Sampai detik ini saya belum menemukan satupun kesebelasan baik di level timnas maupun klub yang mampu menjuarai sebuah kompetisi dengan kondisi manajerial atau komunikasi yang buruk.
Perbedaan bahasa memang seringkali menjadi penghambat. Dan hal itu bisa dihilangkan dengan adanya penerjemah yang ditunjuk PSSI yang bisa dijadikan media perantara dalam berkomunikasi.
Kepala pelatih seharusnya menjadi contoh bagi anak asuhnya tentang cara berkomunikasi yang baik dan efektif di luar dan di dalam lapangan. Bukan malah saling berperang kata-kata di saat belum mencapai prestasi apa-apa.

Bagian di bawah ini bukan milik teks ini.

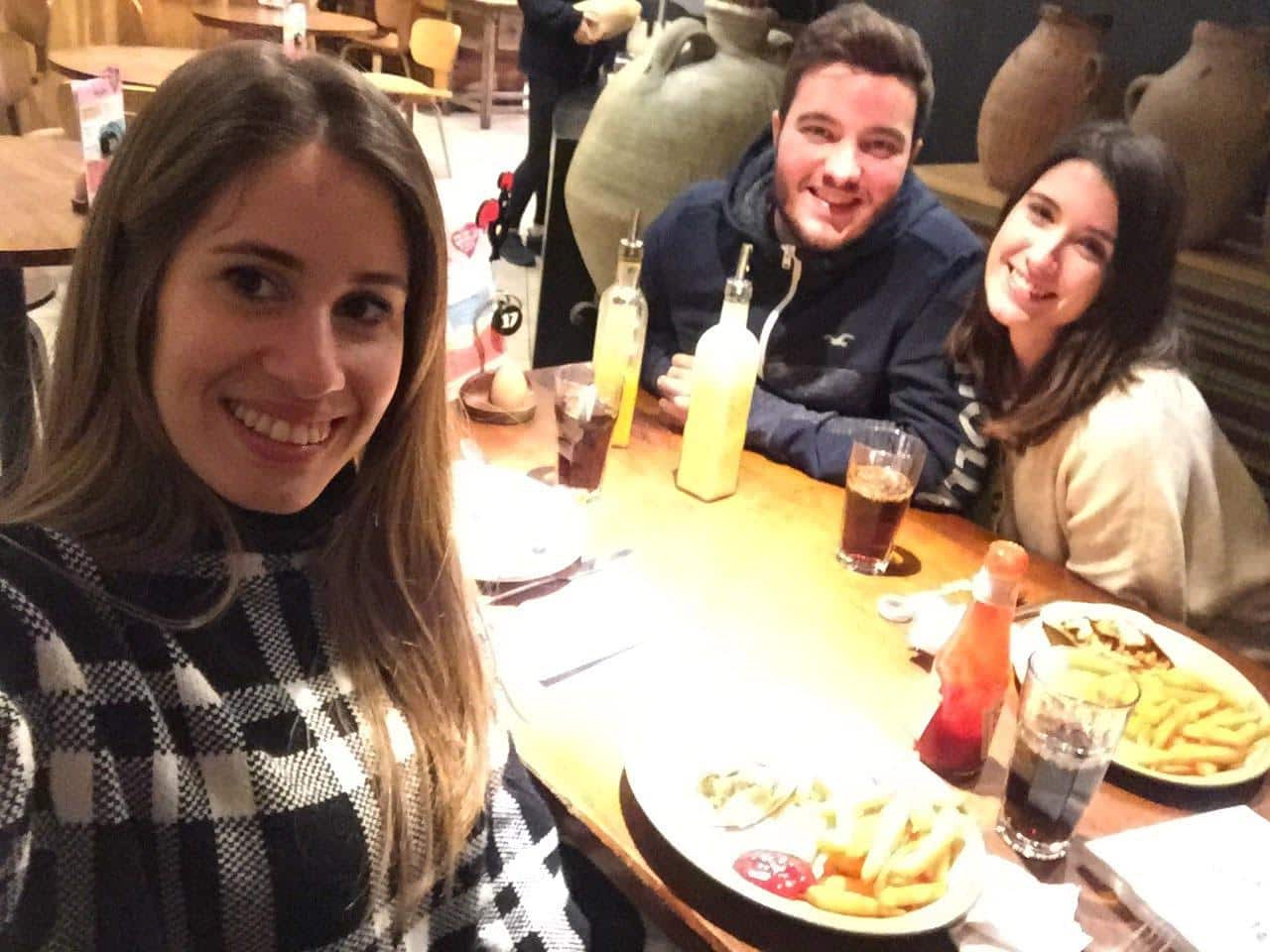 au pair con amigos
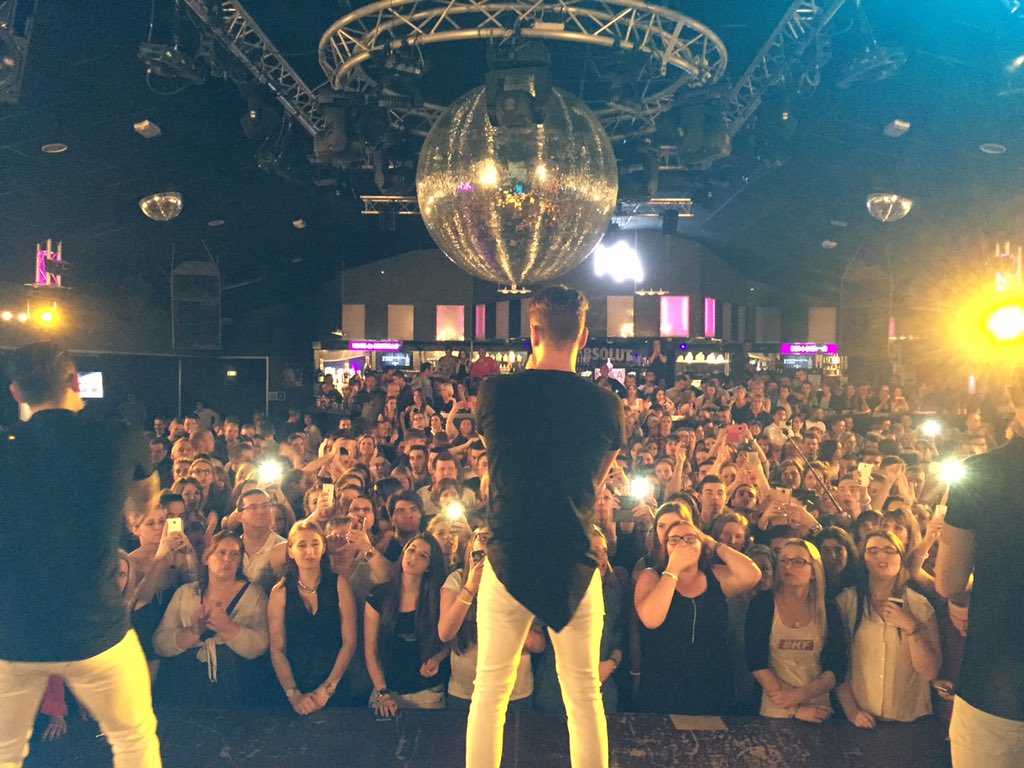 KeenvOfficiel's tweet photo. Souvenir du #K2A samedi dernier. Vendredi direction Le #KesWest et samedi le #QG (80) bonne semaine à vous 😘 https://t.co/PN9NOyaQie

Sebagai pelatih bermental juara rasanya target menjuarai Piala AFF bukan hal yang terlalu muluk-muluk. Karena memang siapapun pelatih timnas yang dipersiapkan untuk menghadapi Piala AFF, target menjuarai turnamen dua tahunan tersebut adalah hal yang sangat wajar dan realistis.
Jika memang target juara pada level Asia Tenggara saja dianggapnya tidak realistis, lantas kenapa Shin bersedia menandatangani kontrak bersama PSSI?
Dalam hal ini saya sependapat dengan Indra. Pelatih yang mengantarkan timnas U-19 Juara Piala AFF 2013, timnas U-22 Juara Piala AFF 2019 dan medali perak Sea Games Manila 2019 itu menganggap Shin Tae-yong mengalami penurunan kepercayaan diri, termasuk membawa Indonesia menjadi juara Piala AFF 2020.
Bahkan Shin kini lebih sibuk berperang kata-kata dibandingkan memfokuskan diri untuk mempersiapkan timnas agar siap berlaga di Piala AFF 2020.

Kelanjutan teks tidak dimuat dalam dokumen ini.